- **What to do**: Would you please return only the lines from the one with "Carte topographique Désertines, altitude, relief" through the last line of the records below, leaving the pictures out?

Image-caption web data
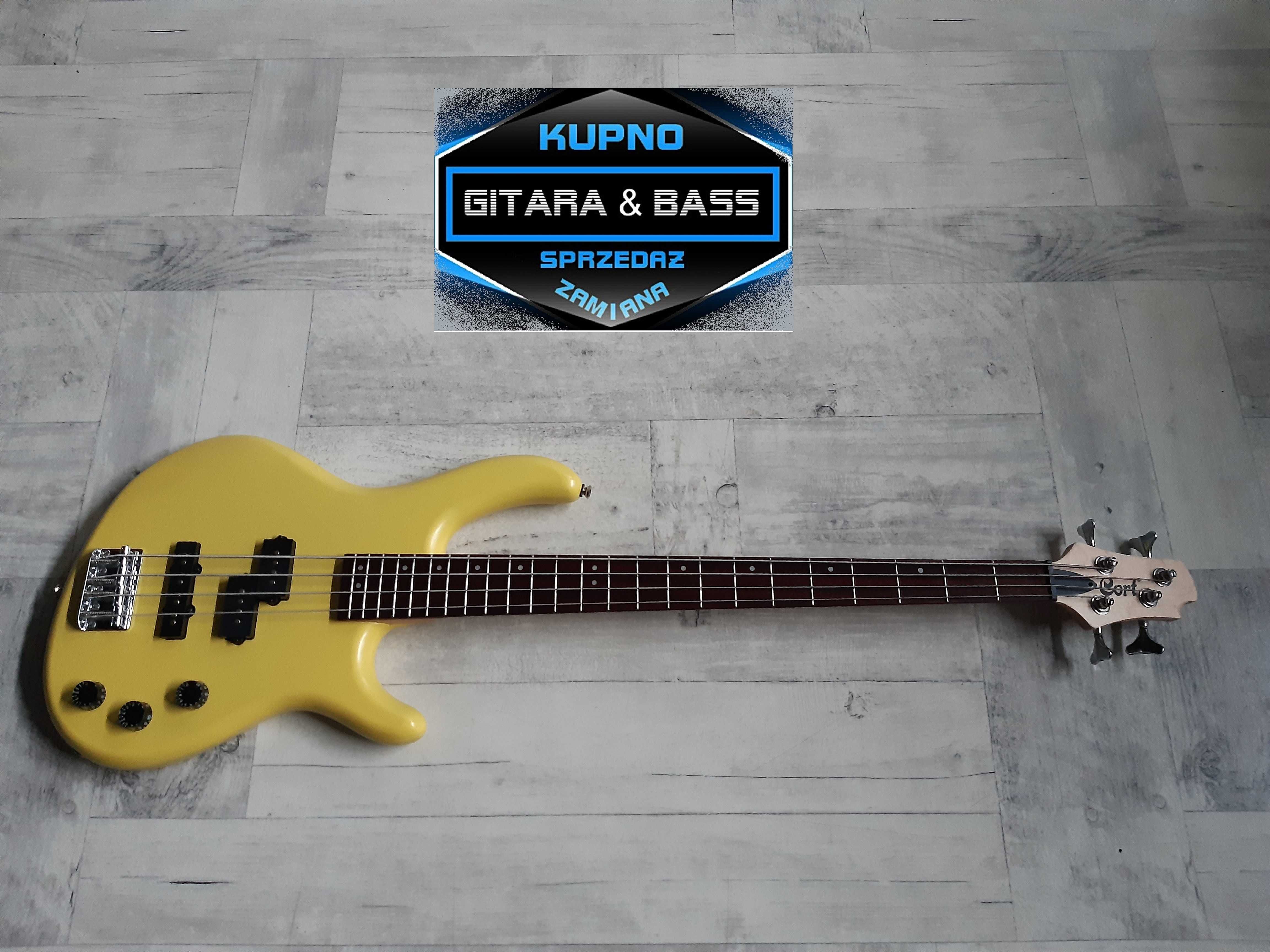 Gitara Basowa Cort Action-Lemon Yellow Bass 4 -wysyłka Gratis -zamiana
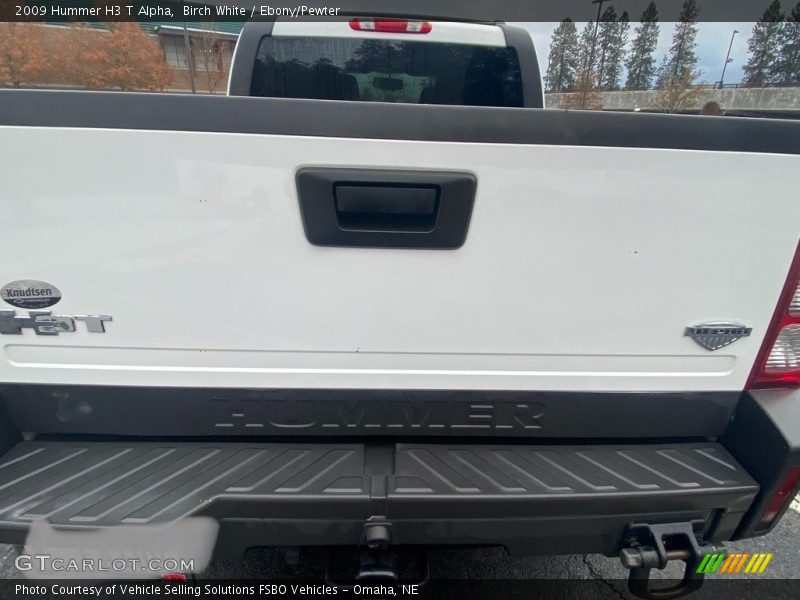 Birch White / Ebony/Pewter 2009 Hummer H3 T Alpha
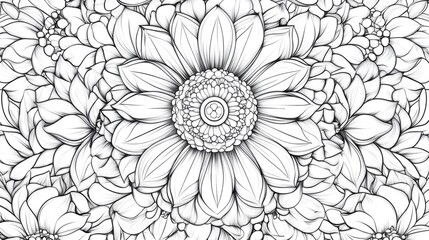 Floral mandala ornament design for coloring books greeting cards invitations and tattoos Pattern for anti stress therapy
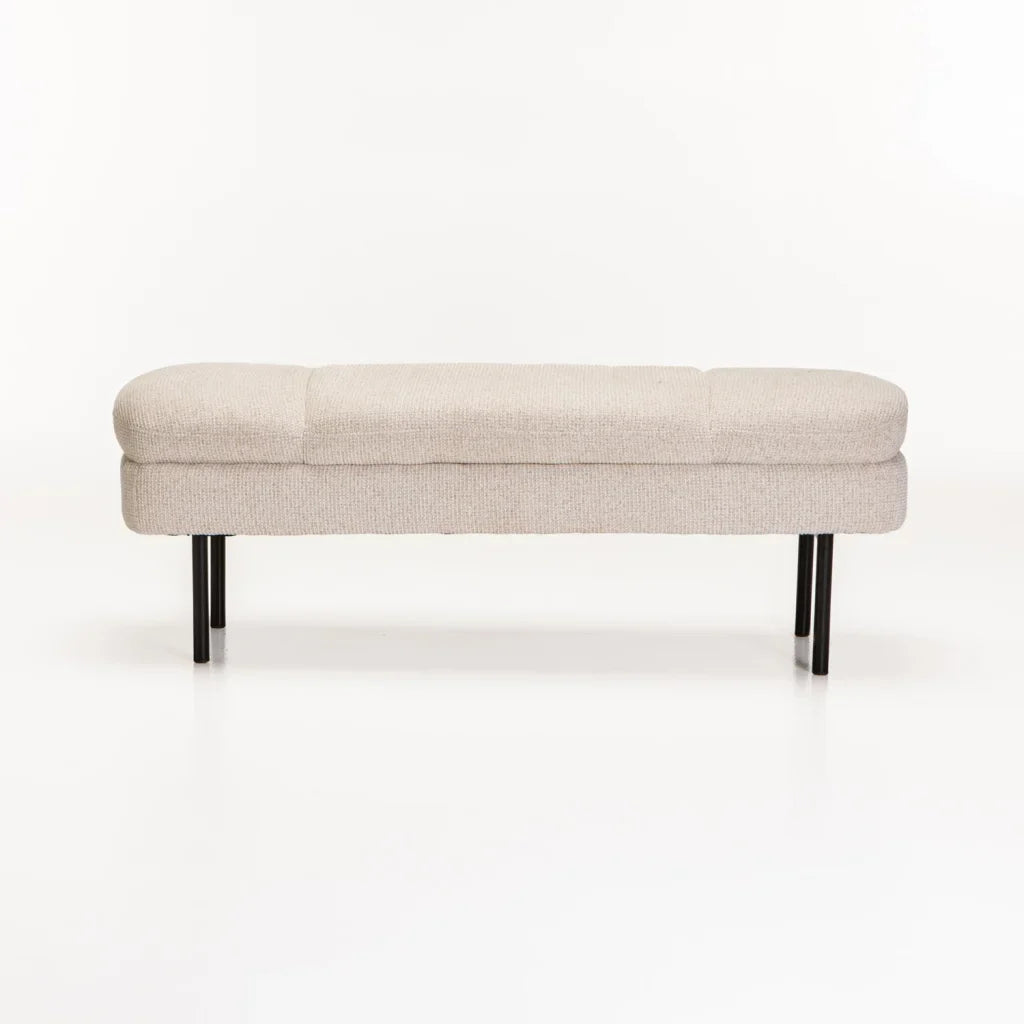 EDEN TEXTURED FABRIC OTTOMAN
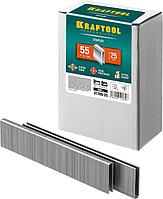 Kraftool Скобы для степлера узкие тип 55, 25 мм, 5000 шт. (31789-25) KRAFTOOL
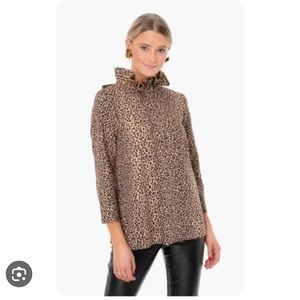 Tuckernuck long sleeved leopard print tunic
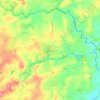 Carte topographique Désertines, altitude, relief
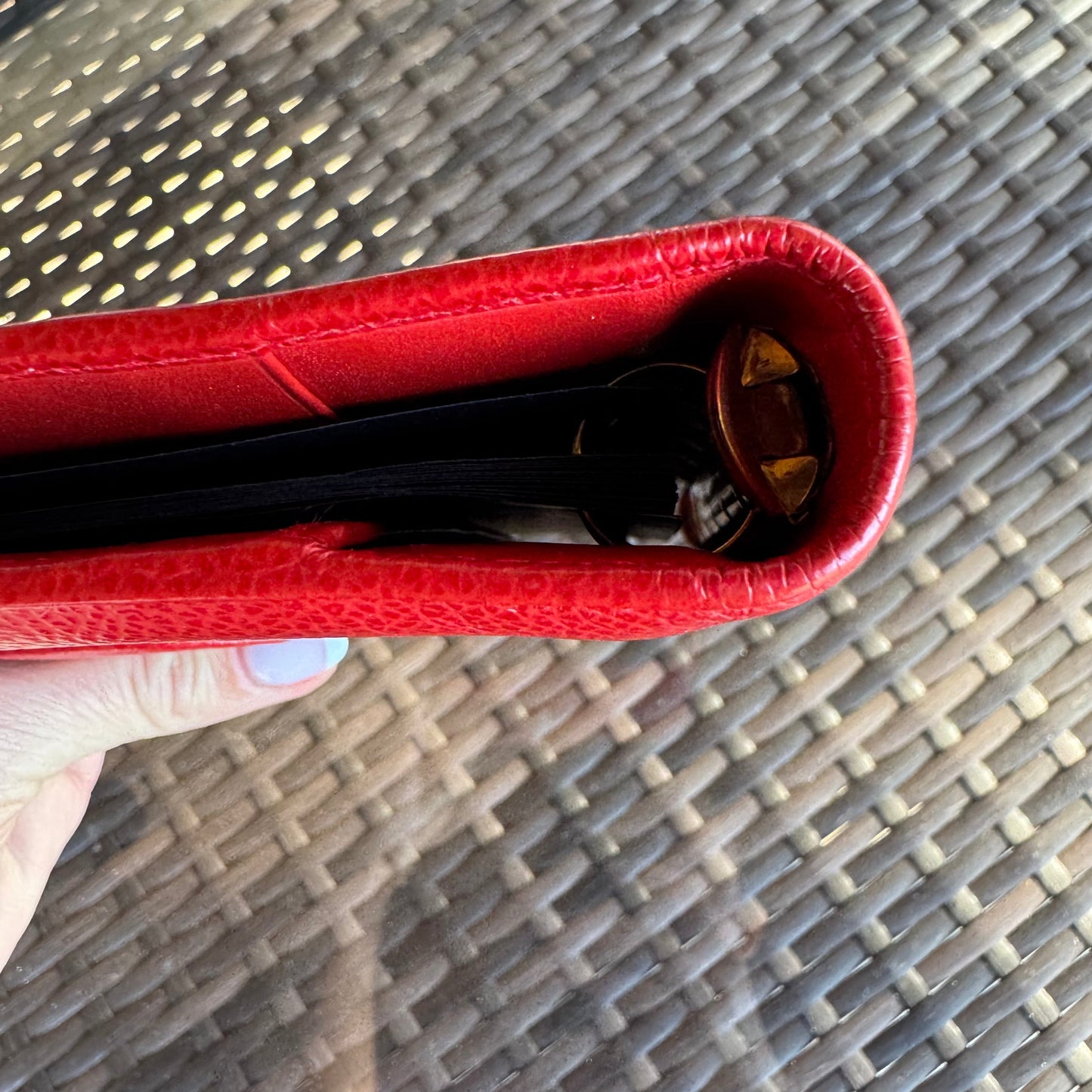 bevintage™ Vintage Coach Red Madison Pocket Organizer 4489🍒❤️🔥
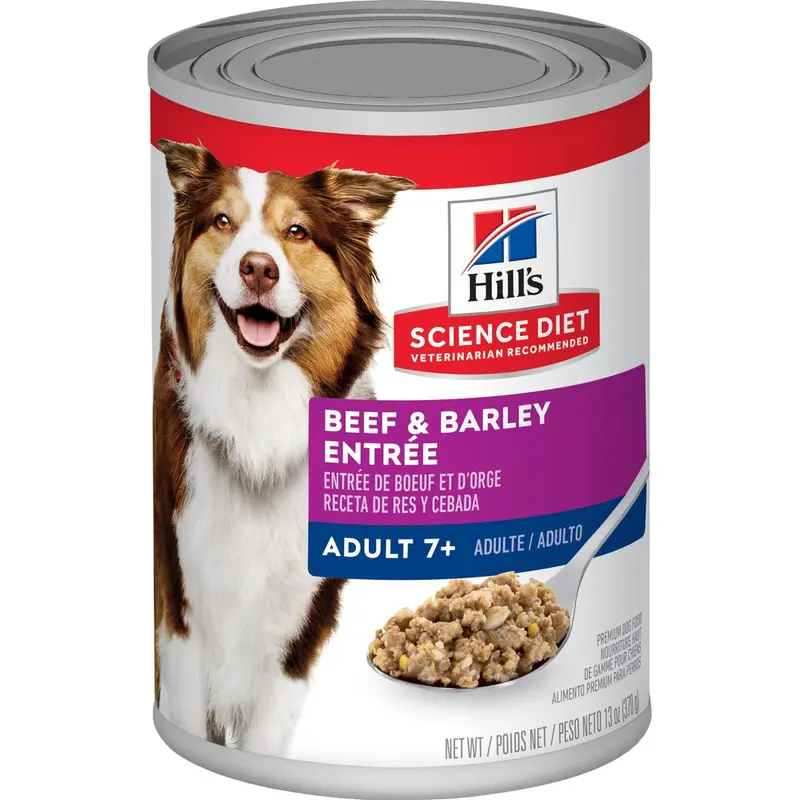 Science Diet Adult 7+ Beef & Barley Entre (13oz)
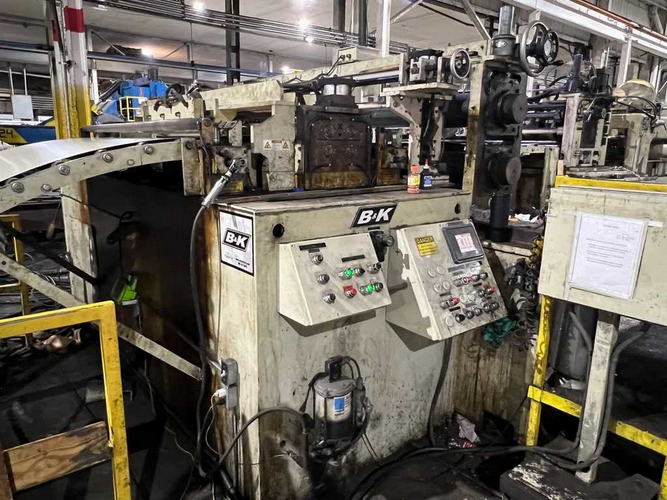 72 x .135 x 40,000 Lb B & K Cut-to-Length Line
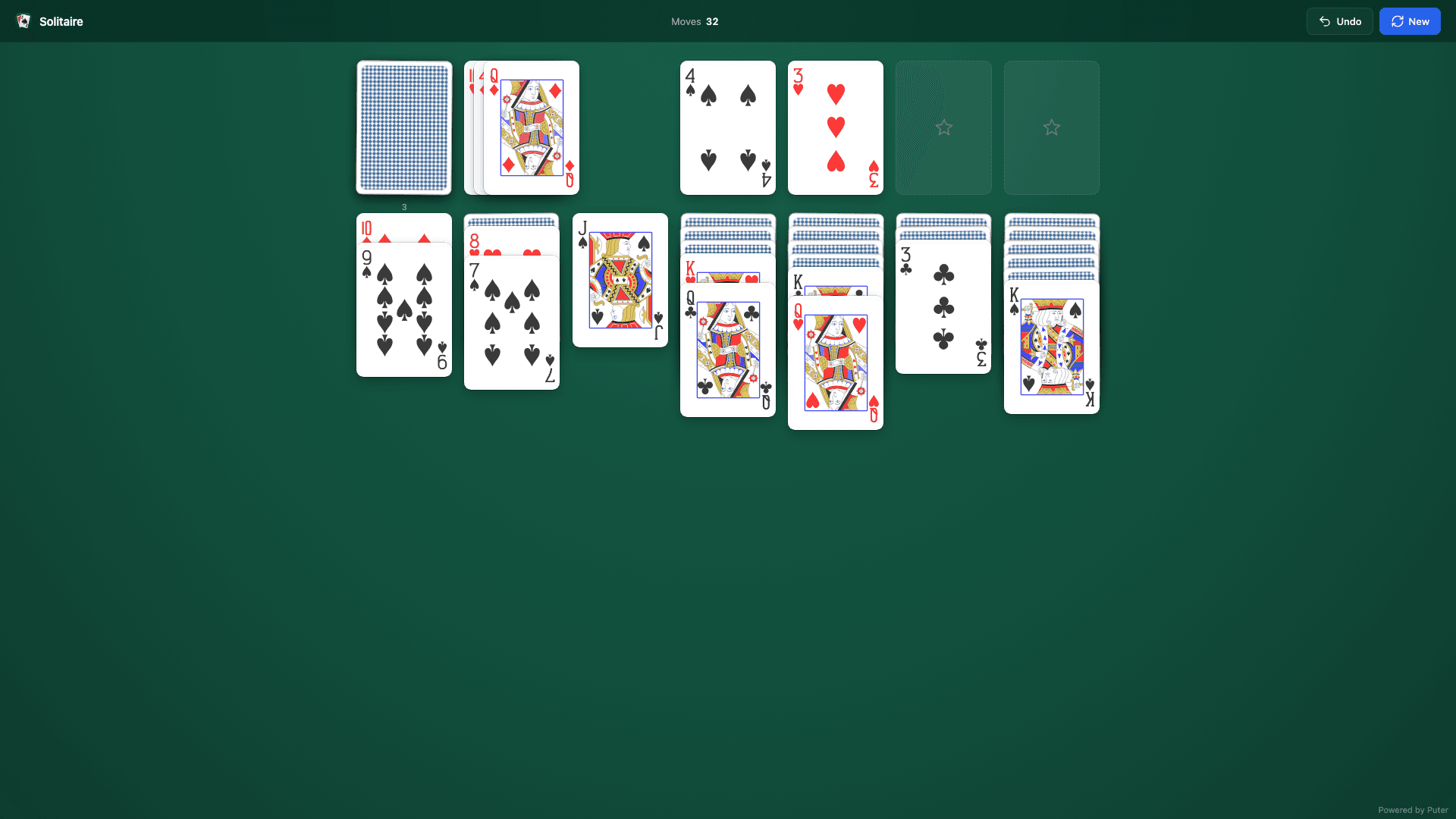 Klondike screenshot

- **Answer to this problem**:
 Carte topographique Désertines, altitude, relief
 bevintage™ Vintage Coach Red Madison Pocket Organizer 4489🍒❤️🔥
 Science Diet Adult 7+ Beef & Barley Entre (13oz)
 72 x .135 x 40,000 Lb B & K Cut-to-Length Line
 Klondike screenshot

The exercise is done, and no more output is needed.